Dani Ceballos przeanalizował mecz Real Madryt z Chelsea, który zakończył DirecTV Soccer Champions Tour. Pomocnik, który skończył w dniu meczu 28 lat pozytywnie ocenił zgrupowanie w USA.
– Mamy bardzo dobre przeczucia. Po dwóch tygodniach treningów mamy całkiem niezły start. Zdobycie pierwszego gola szybko otworzyło grę, a ja jestem bardzo szczęśliwy: To zaszczyt świętować moje urodziny w tej koszulce.
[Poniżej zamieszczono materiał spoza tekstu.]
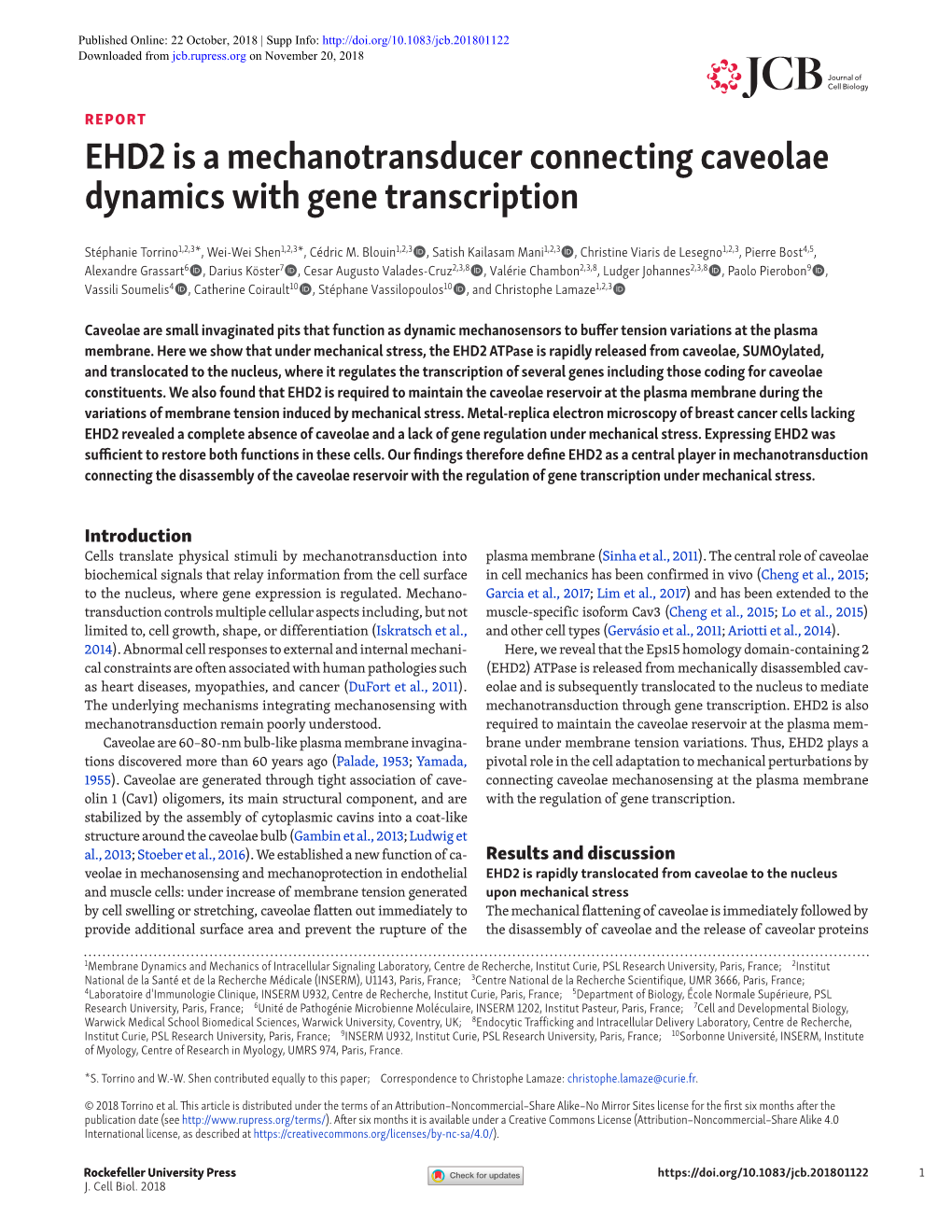 EHD2 Is a Mechanotransducer Connecting Caveolae Dynamics with Gene Transcription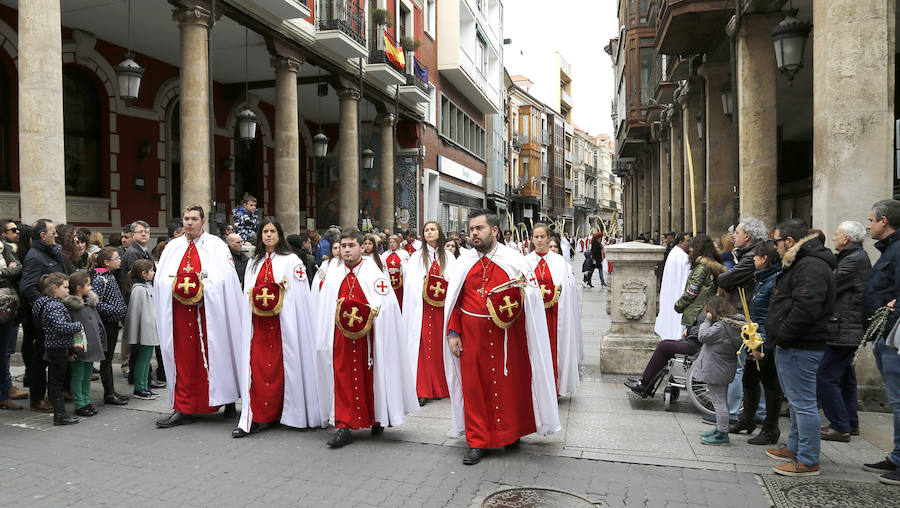 Fotos: Las imágenes de la procesión de Ramos en Palencia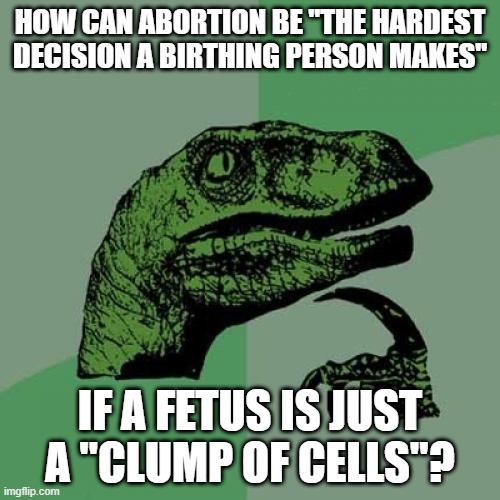 A close second is choosing to shave my armpits | HOW CAN ABORTION BE "THE HARDEST DECISION A BIRTHING PERSON MAKES"; IF A FETUS IS JUST A "CLUMP OF CELLS"? | image tagged in memes,philosoraptor,prolife,abortion,abortion is murder,answer the fool according to his folly | made w/ Imgflip meme maker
– W zeszłym roku nie miałem regularności, ponieważ miałem kontuzję, która trwała trzy miesiące. Teraz czuję się dobrze, mam lepszą jakość fizyczną i techniczną. Te minuty pomogły mi zyskać pewność siebie, a teraz chcę utrudnić wybór trenerowi.
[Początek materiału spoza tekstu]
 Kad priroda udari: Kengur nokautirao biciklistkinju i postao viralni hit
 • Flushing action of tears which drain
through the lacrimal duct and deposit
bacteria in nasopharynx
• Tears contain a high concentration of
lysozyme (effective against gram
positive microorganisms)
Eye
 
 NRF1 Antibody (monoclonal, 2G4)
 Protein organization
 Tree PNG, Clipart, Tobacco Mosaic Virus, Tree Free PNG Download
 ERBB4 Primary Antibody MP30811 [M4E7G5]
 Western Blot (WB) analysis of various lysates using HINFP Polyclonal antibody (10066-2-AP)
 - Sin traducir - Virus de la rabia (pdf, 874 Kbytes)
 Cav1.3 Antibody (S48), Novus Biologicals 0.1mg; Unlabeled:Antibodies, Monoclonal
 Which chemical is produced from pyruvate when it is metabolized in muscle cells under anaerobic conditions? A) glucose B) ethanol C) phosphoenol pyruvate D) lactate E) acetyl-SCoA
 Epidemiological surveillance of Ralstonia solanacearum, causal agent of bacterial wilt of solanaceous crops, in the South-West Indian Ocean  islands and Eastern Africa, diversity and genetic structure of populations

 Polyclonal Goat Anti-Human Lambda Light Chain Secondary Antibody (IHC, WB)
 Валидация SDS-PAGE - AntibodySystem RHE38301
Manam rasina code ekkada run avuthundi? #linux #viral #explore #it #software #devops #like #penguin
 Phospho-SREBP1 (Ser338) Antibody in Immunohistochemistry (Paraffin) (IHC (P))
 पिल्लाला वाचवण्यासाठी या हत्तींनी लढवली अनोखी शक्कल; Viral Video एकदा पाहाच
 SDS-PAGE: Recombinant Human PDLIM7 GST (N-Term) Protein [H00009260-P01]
– Praca fizyczna zespołu w okresie przygotowawczym była spektakularna. Mecze służyły nabraniu rytmu. Zespół pracował bardzo dobrze, aklimatyzując się do pogody, do każdego boiska i do różnych miast.
Ceballos wypowiedział się też na temat meczu o Superpuchar Europy oraz odbioru drużyny w USA.
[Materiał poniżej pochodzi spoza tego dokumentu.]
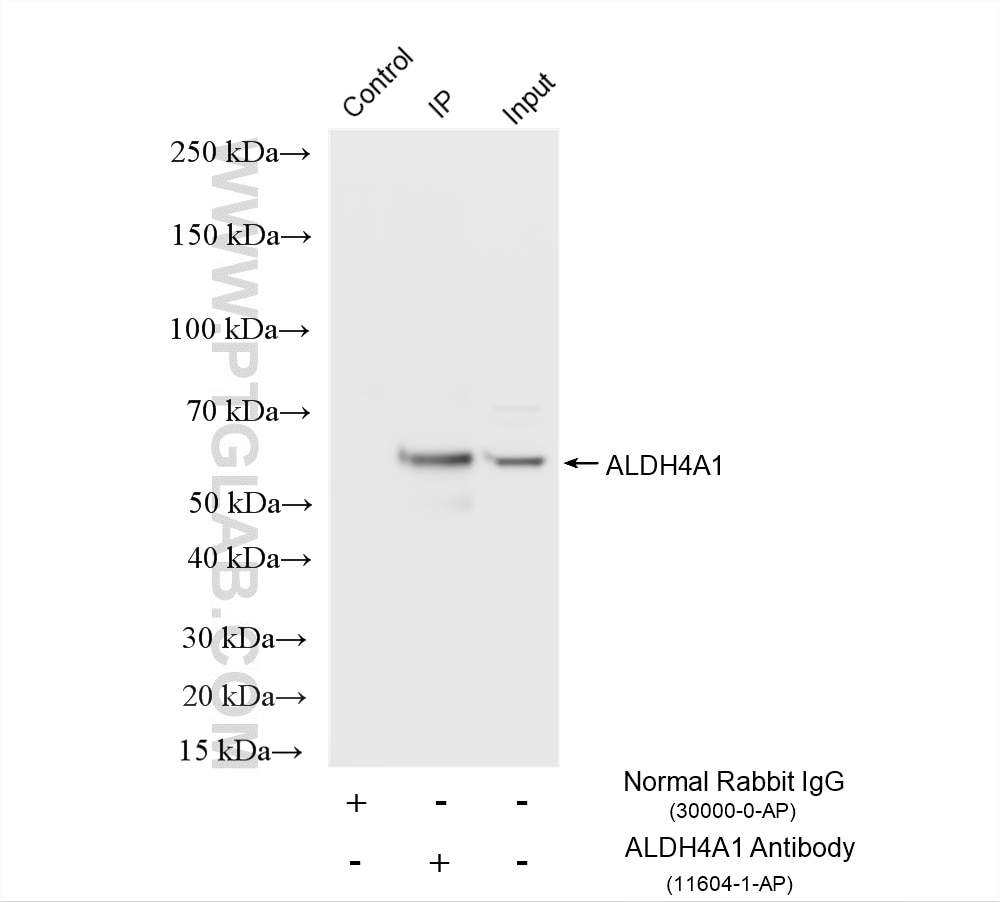 IP experiment of mouse heart using 11604-1-AP Immunoprecipitation (IP) experiment of mouse heart tissue using ALDH4A1 Polyclonal antibody (11604-1-AP)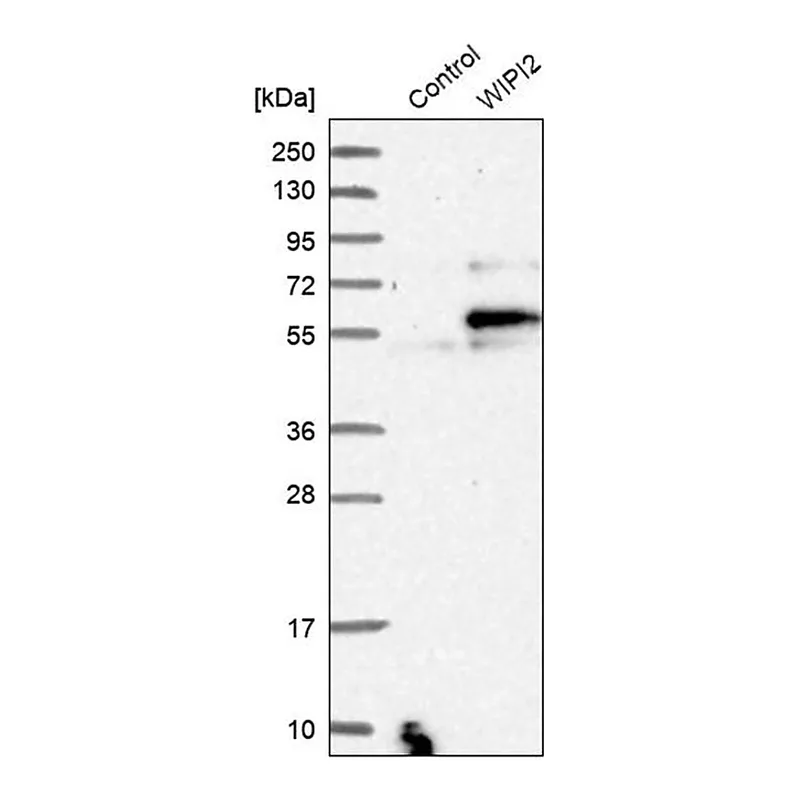 Merck Anti-WIPI2 antibody produced in rabbit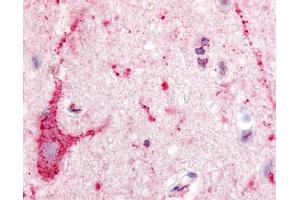 Immunohistochemical staining of Brain (Neuron and Glia) using anti- EDG8 antibody ABIN122571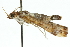  (Agathodes paliscia - 10ANIC-10809)  @12 [ ] CreativeCommons - Attribution (2010) CBG Photography Group Centre for Biodiversity Genomics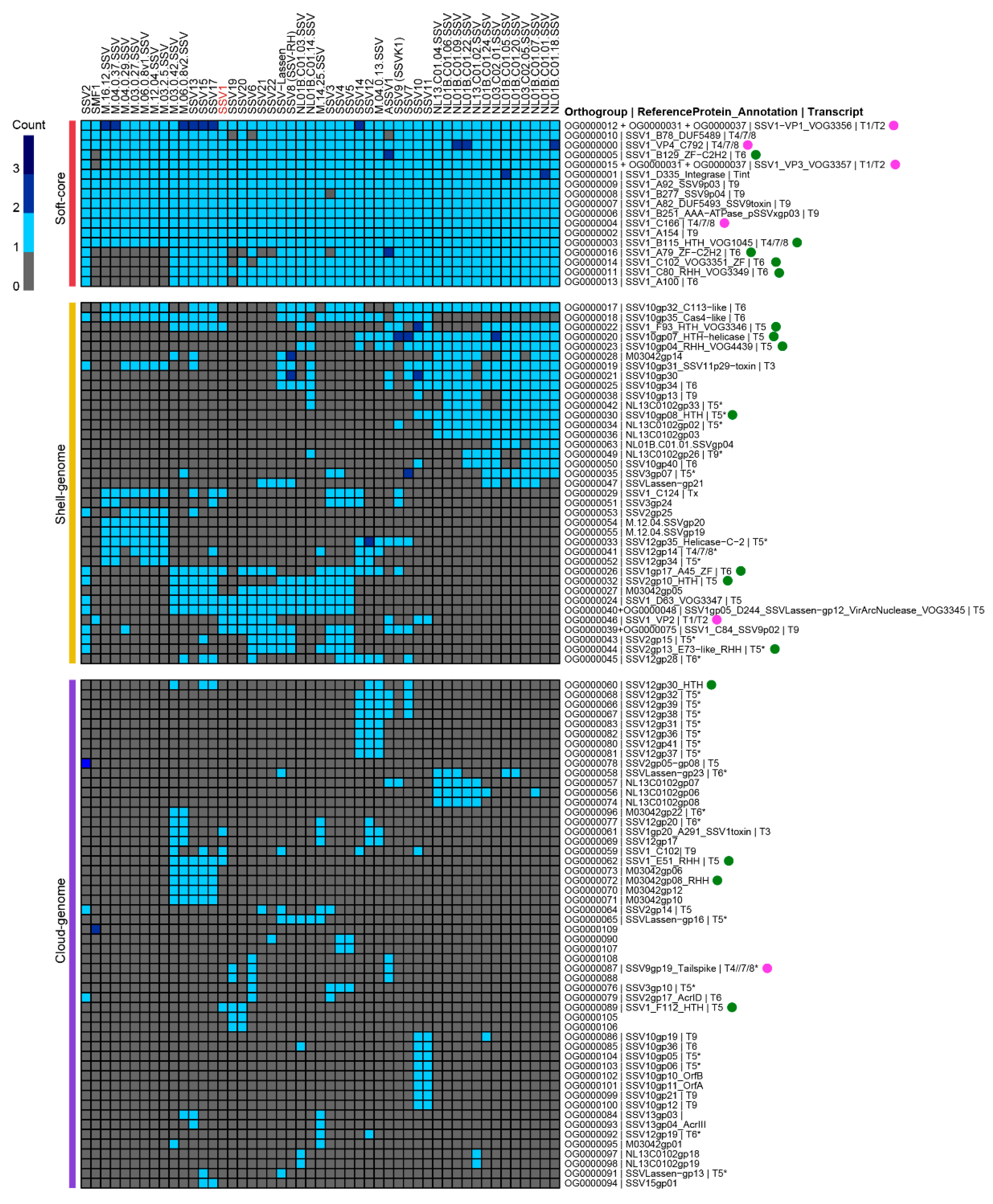 Viruses 14 02082 g002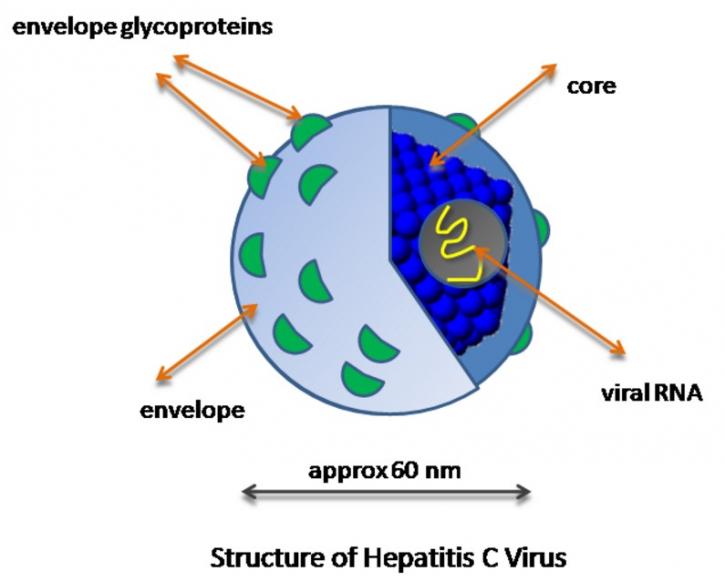 Image for VAMP7 Antibody with ID of: 4807613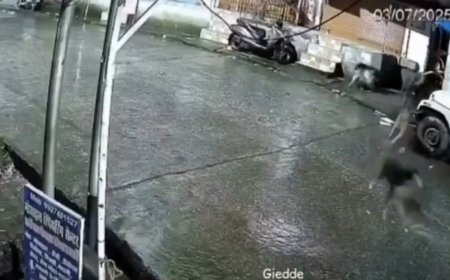 Leopard or cat?: Dogs chase animal before they find out what it actually is - watch viral video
– Jestem szczęśliwy tutaj i teraz skupiamy się na Superpucharze Europy. Chcemy wrócić do Madrytu, odpocząć i stawić czoła temu meczowi w najlepszy możliwy sposób.
– Odbiór w Stanach Zjednoczonych? Dzisiejsze przyjęcie było spektakularne. We wszystkich miastach w Stanach Zjednoczonych witają nas jak w domu. Widzimy ludzi śpiewających hymn i wydaje się, że jesteśmy w Madrycie.